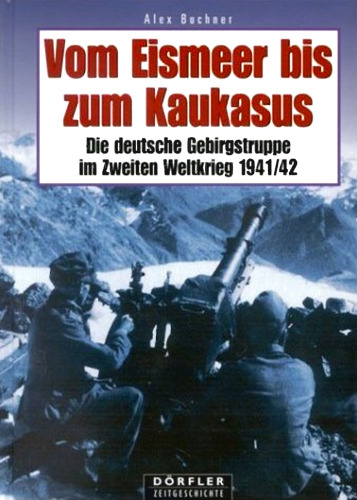 Vom Eismeer bis zum Kaukasus. Die deutsche Gebirgstruppe im Zweiten Weltkrieg 1941 42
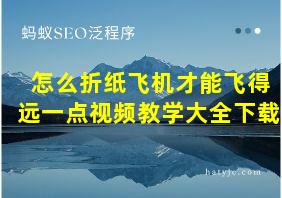 怎么折纸飞机才能飞得远一点视频教学大全下载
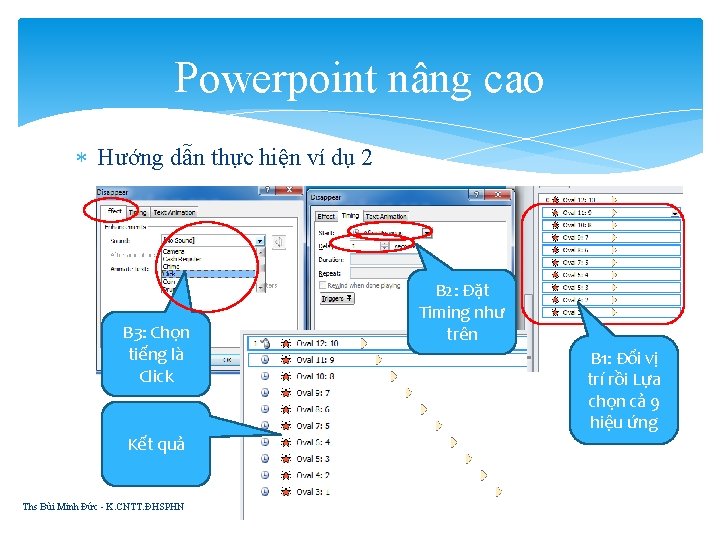 Powerpoint nâng cao Hướng dẫn thực hiện ví dụ 2 B 2: Đặt Timing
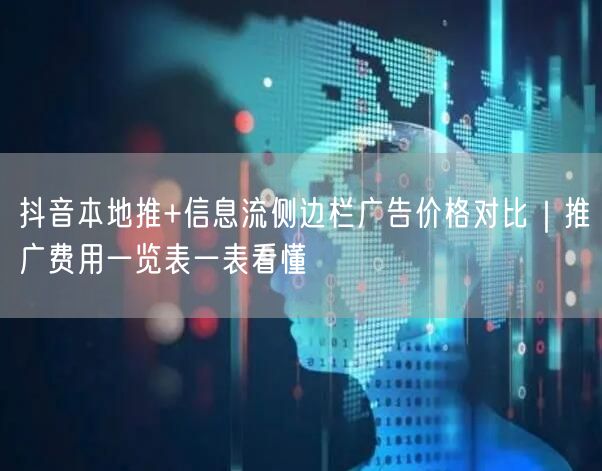 抖音本地推+信息流侧边栏广告价格对比｜推广费用一览表一表看懂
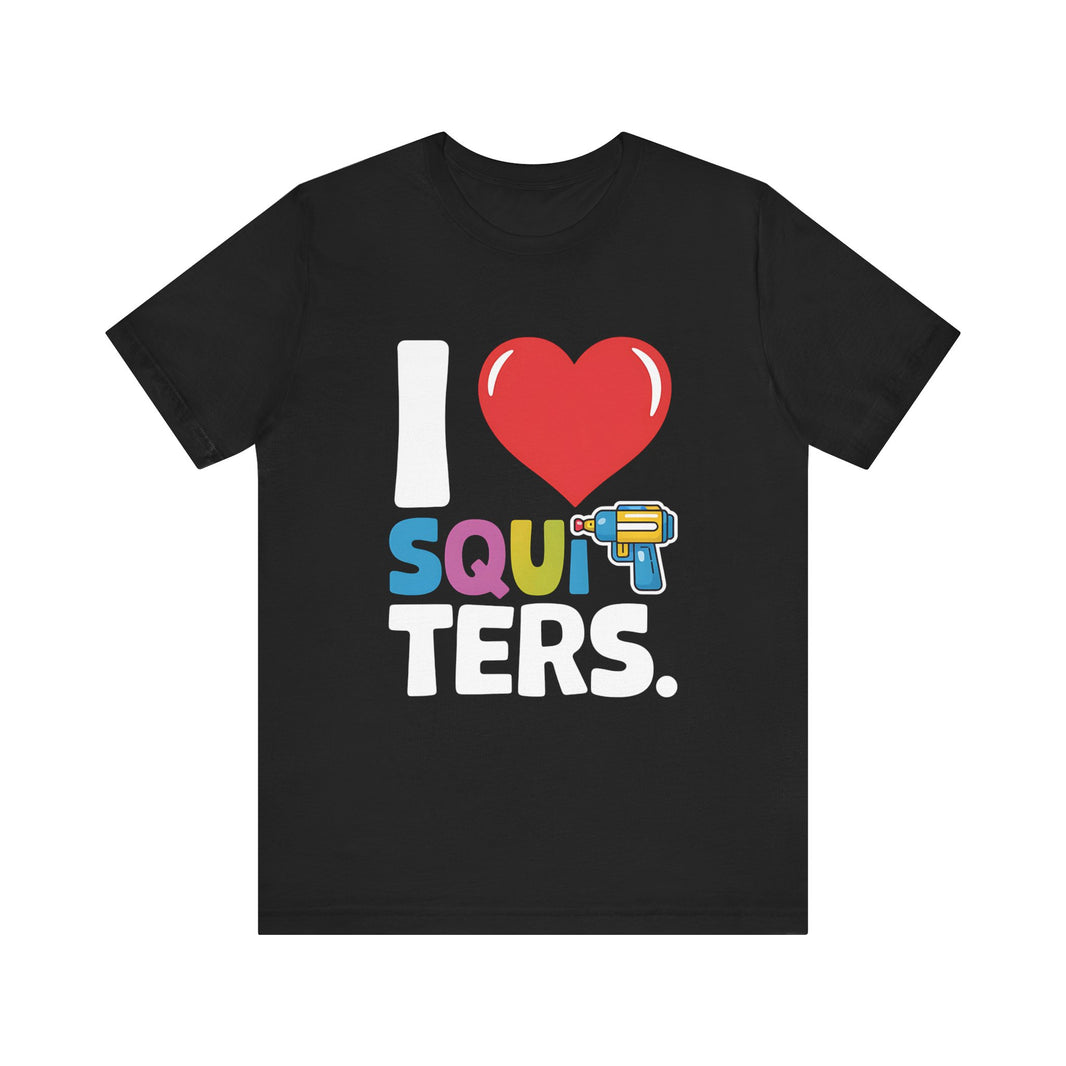 Water Blaster Love: I ❤️ Squirters T-Shirt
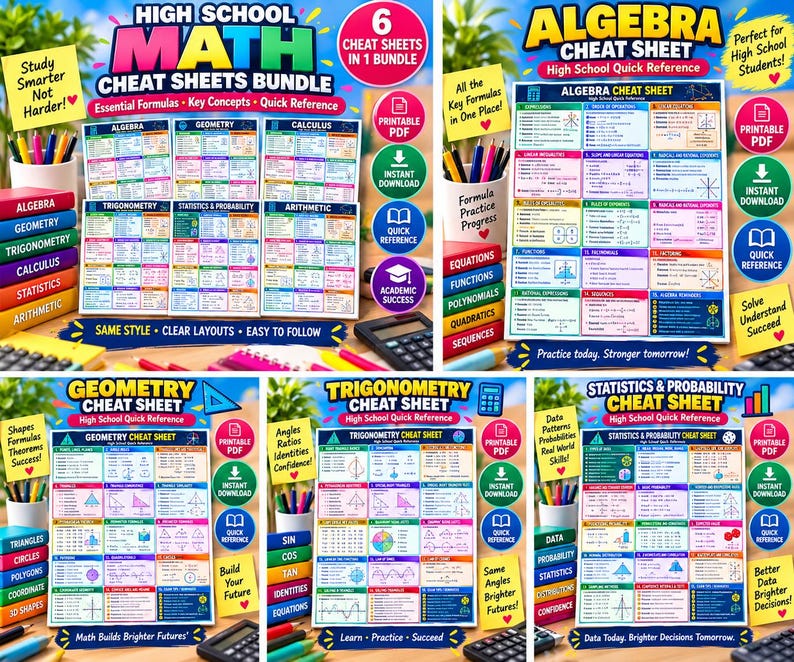 May include: A bundle of six high school math cheat sheets featuring Algebra, Geometry, Calculus, Trigonometry, Statistics, and Arithmetic. Each colorful reference guide displays essential formulas, key concepts, and clear layouts for quick study.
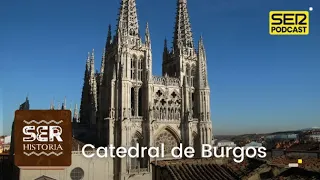 SER Historia | Catedral de Burgos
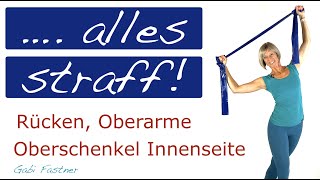 🍒 25 min straffen am OberkörperRückenOberarme und OberschenkelInnenseite  mit dem Band [upl. by Haswell]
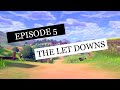 Gateway to Galar Episode 5: The Let Downs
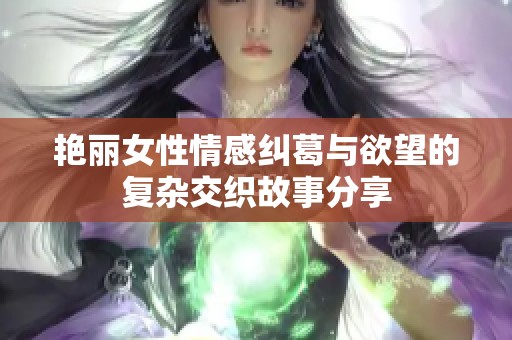 艳丽女性情感纠葛与欲望的复杂交织故事分享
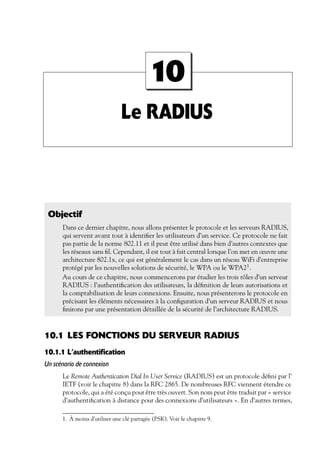 10
Le RADIUS

Objectif
Dans ce dernier chapitre, nous allons présenter le protocole et les serveurs RADIUS,
qui servent avant tout à identiﬁer les utilisateurs d’un service. Ce protocole ne fait
pas partie de la norme 802.11 et il peut être utilisé dans bien d’autres contextes que
les réseaux sans ﬁl. Cependant, il est tout à fait central lorsque l’on met en œuvre une
architecture 802.1x, ce qui est généralement le cas dans un réseau WiFi d’entreprise
protégé par les nouvelles solutions de sécurité, le WPA ou le WPA21 .
Au cours de ce chapitre, nous commencerons par étudier les trois rôles d’un serveur
RADIUS : l’authentiﬁcation des utilisateurs, la déﬁnition de leurs autorisations et
la comptabilisation de leurs connexions. Ensuite, nous présenterons le protocole en
précisant les éléments nécessaires à la conﬁguration d’un serveur RADIUS et nous
ﬁnirons par une présentation détaillée de la sécurité de l’architecture RADIUS.

10.1 LES FONCTIONS DU SERVEUR RADIUS
10.1.1 L’authentification
Un scénario de connexion
Le Remote Authentication Dial In User Service (RADIUS) est un protocole déﬁni par l’
IETF (voir le chapitre 8) dans la RFC 2865. De nombreuses RFC viennent étendre ce
protocole, qui a été conçu pour être très ouvert. Son nom peut être traduit par « service
d’authentiﬁcation à distance pour des connexions d’utilisateurs ». En d’autres termes,
1. À moins d’utiliser une clé partagée (PSK). Voir le chapitre 9.

 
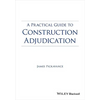 A Practical Guide to Construction Adjudication - Paperback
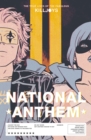 The True Lives Of The Fabulous Killjoys: National Anthem - Book
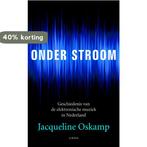 Onder stroom 9789026323249 Jacqueline Oskamp, Verzenden, Zo goed als nieuw, Jacqueline Oskamp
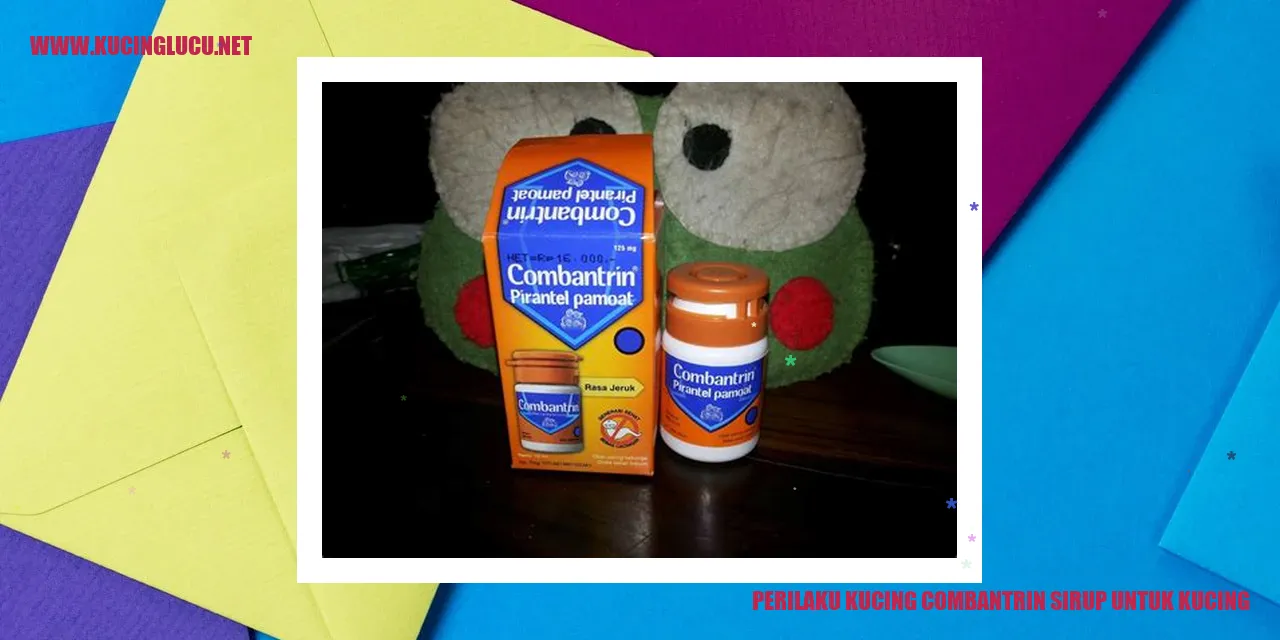 Perilaku Kucing Combantrin Sirup untuk Kucing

What is being asked:
Scan the listing and report each line where the word "authentiﬁcation" shows up.

Solution:
RADIUS : l’authentiﬁcation des utilisateurs, la déﬁnition de leurs autorisations et
d’authentiﬁcation à distance pour des connexions d’utilisateurs ». En d’autres termes,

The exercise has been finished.